E’ forte l’impressione che sulla trattativa fra i paesi dell’Organizzazione mondiale del commercio riuniti recentemente a Ginevra, abbia pesato negativamente la crisi economica internazionale, dissolvendo l’interesse verso un accordo di liberalizzazione del regime commerciale. Gli effetti reali di un mancato accordo sono probabilmente molto limitati, ma si è mancata l’occasione di rafforzare il sistema multilaterale che vincola i paesi al rispetto di un insieme di regole.

Sette anni dopo l’inizio dell’attuale ronda negoziale sul commercio internazionale della World Trade Organization (WTO), le trattative hanno subito un ennesimo stop ancora una volta al tavolo dell’agricoltura. Nove giorni di estenuanti negoziazioni nella sede ginevrina del WTO sono naufragate davanti alle differenze di posizione tra India e Cina da un lato e Stati Uniti dall’altro rispetto alle misure speciali di salvaguardia (Special Safeguard Mesures o SSM) dei prodotti agricoli. Tali misure consentono ai paesi di proteggere i propri settori agricoli da sostanziali incrementi delle importazioni attraverso l’imposizione di speciali barriere doganali. Un dato interessante di questo fallimento è che le SSM non rappresentavano uno dei temi più controversi dei negoziati, e nè l’India nè la Cina ne hanno mai fatto uso. Ciò suggerisce che questa tornata negoziale sarebbe probabilmente fallita su qualsiasi altra questione (più controversa), quale i tagli ai sussidi agricoli, le riduzioni delle barriere doganali, l’accesso al mercato per i prodotti tropicali.
Tale dato conferma l’impressione che il (genuino) interesse verso un accordo di liberalizzazione sostanziale del regime commerciale multilaterale si sia velocemente dissolto al cospetto della crisi economica internazionale. I paesi membri del WTO sembrano non percepire più un cospicuo ritorno dalle negoziazioni, mentre appare crescente la paura dei potenziali limiti alla propria sovranità nazionale imposti dagli accordi multilaterali.

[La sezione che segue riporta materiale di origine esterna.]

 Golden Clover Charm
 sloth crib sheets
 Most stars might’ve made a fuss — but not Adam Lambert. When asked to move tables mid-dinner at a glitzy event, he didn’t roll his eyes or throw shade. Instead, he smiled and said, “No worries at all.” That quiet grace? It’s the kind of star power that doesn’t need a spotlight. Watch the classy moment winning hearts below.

GLI EFFETTI DELLE PROPOSTE DUL TAVOLO

In realtà, considerate le proposte sul tavolo negoziale sarebbe difficile non comprendere tale perdita di interesse nel successo delle negoziazioni. La maggior parte delle proposte avanzate durante i colloqui di Ginevra avrebbe avuto un effetto economico molto limitato. Per esempio i tagli effettivi alle tariffe doganali sui prodotti manufatturieri ed agricoli sarebbero stati estremamente ridotti. Ciò è dovuto a una serie di fattori. In primo luogo, alla differenza tra la massima tariffa doganale che ogni stato si impegna a non superare (la cosiddetta bound tariff) e quella effettivamente applicata (applied tariff). Dal momento che i tagli sono operati sulla prima, parecchi settori non subirebbero nessun taglio effettivo. In secondo luogo, le barriere doganali nella maggior parte dei settori in tutti gli stati membri del WTO sono già piuttosto basse.(1) La Banca Mondiale ha calcolato che nei paesi ricchi le tariffe sui prodotti agricoli (che sono i più importanti prodotti da esportazione per la maggior parte dei paesi in via di sviluppo) verrebbero ridotte in media dall’attuale 15% soltanto all’11%, ed in India la media del 59% non verrebbe toccata affatto.(2) E queste cifre non considerano le (lunghe) liste dei cosiddetti prodotti sensibili (che verrebbero esclusi dai tagli tariffari) proposte dai negoziatori a Ginevra. Perfino la proposta considerata più coraggiosa in questi negoziati, quella avanzata dagli Stati Uniti per ridurre il massimale di sussidi ai propri agricoltori dagli attuali 48 miliardi a 14.5 miliardi di dollari annuali, non avrebbe rappresentato un taglio reale, considerato che lo scorso anno il governo Americano ha destinato solo 7 miliardi ai sussidi agricoli.
In particolare, le proposte discusse a Ginevra non avrebbero di fatto generato alcun beneficio per la maggior parte dei paesi in via di sviluppo, compreso il gruppo dei paesi meno sviluppati (Least Developed Countries), che sarebbero dovuti essere i veri beneficiari dell’attuale round negoziale, chiamato proprio round dello “Sviluppo”. Le richieste dei paesi più poveri sono state ufficialmente messe da parte a metà delle negoziazioni, quando si è cercato di trovare una soluzione allo stallo negoziale, restringendo le discussioni ai sette principali paesi (comprendenti solo i maggiori paesi in via di sviluppo Brasile, India e Cina).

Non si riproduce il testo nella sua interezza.